Problem to work on
Exact transcription, pictures omitted: reproduce the listing below.

Material provided
______

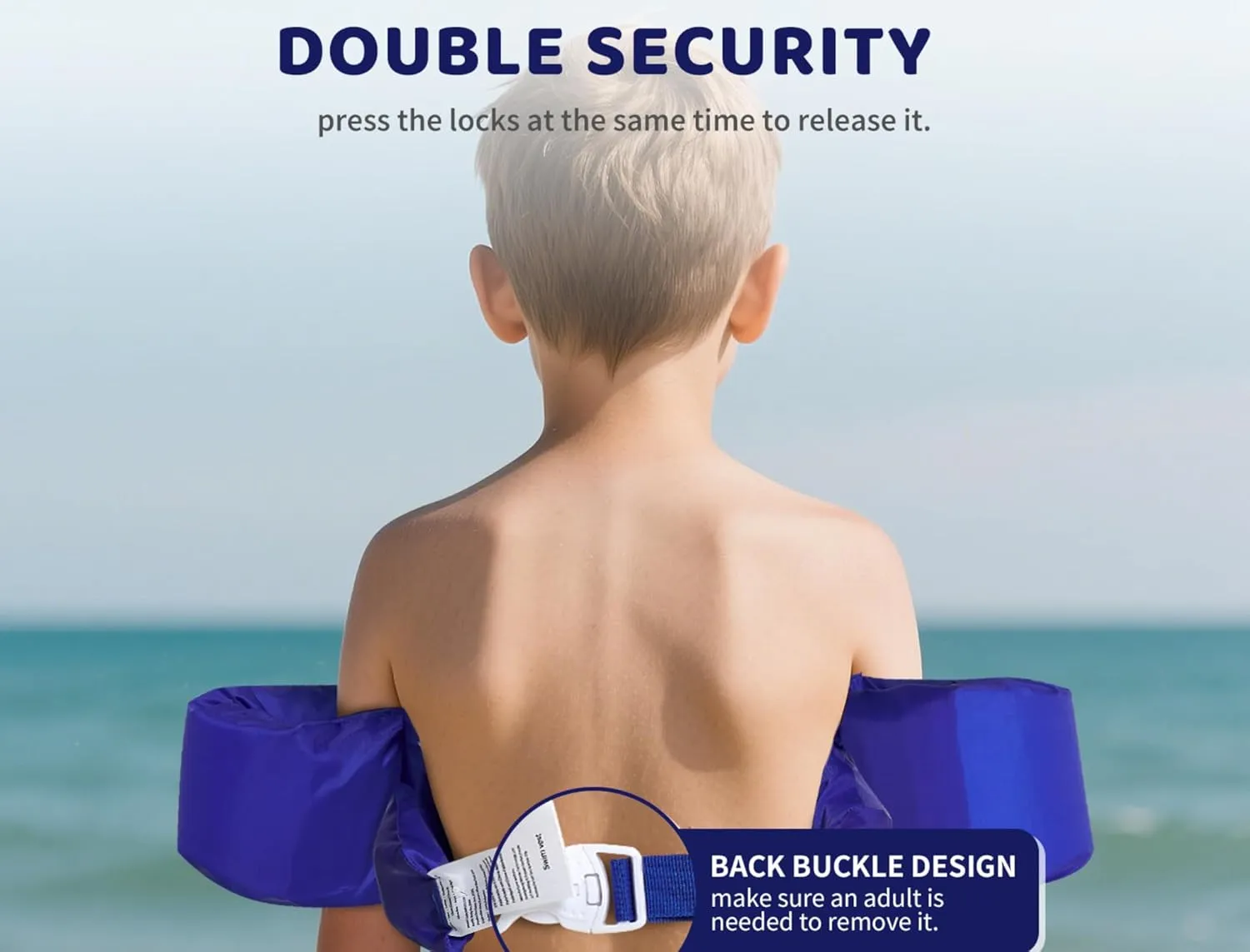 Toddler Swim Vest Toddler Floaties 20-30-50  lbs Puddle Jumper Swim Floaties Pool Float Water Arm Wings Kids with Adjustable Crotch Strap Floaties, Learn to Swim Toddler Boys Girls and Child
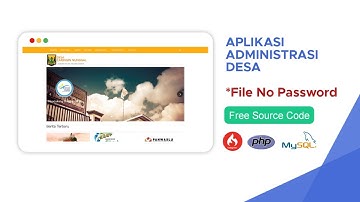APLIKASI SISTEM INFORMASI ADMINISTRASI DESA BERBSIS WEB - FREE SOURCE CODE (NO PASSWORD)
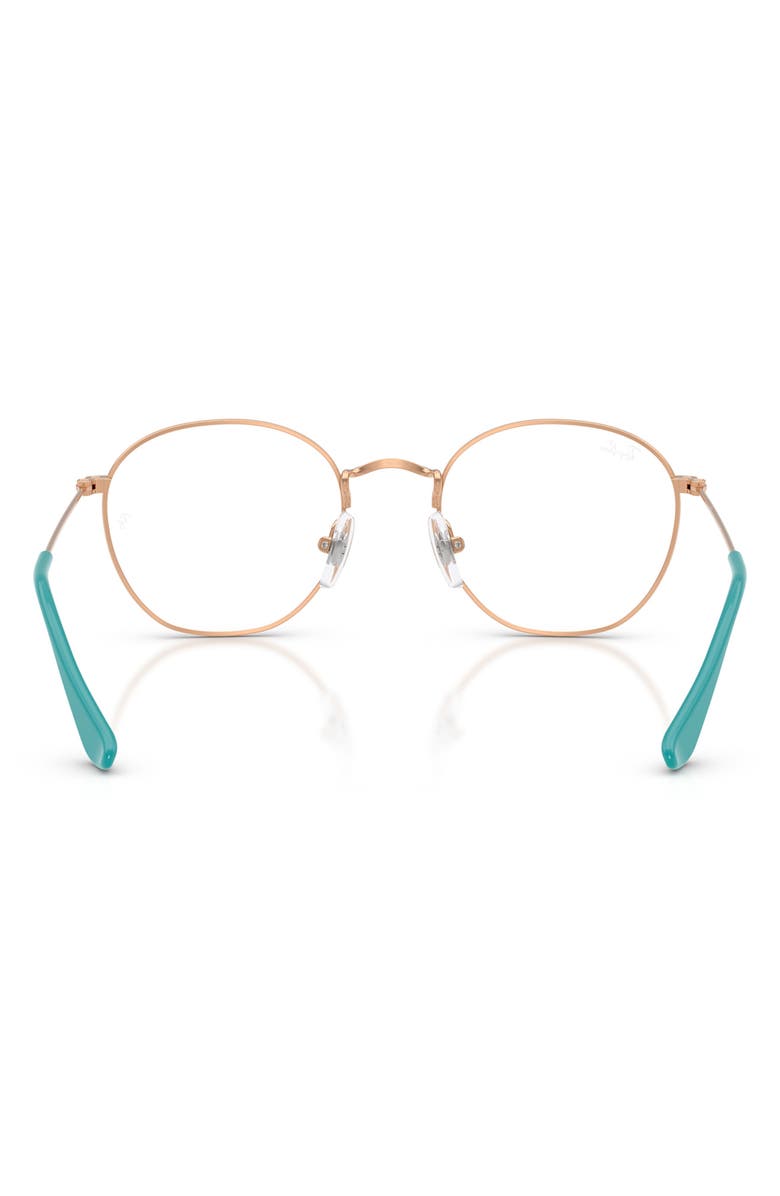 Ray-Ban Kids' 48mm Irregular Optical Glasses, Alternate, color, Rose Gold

______

Task result
 Toddler Swim Vest Toddler Floaties 20-30-50  lbs Puddle Jumper Swim Floaties Pool Float Water Arm Wings Kids with Adjustable Crotch Strap Floaties, Learn to Swim Toddler Boys Girls and Child
APLIKASI SISTEM INFORMASI ADMINISTRASI DESA BERBSIS WEB - FREE SOURCE CODE (NO PASSWORD)
 Ray-Ban Kids' 48mm Irregular Optical Glasses, Alternate, color, Rose Gold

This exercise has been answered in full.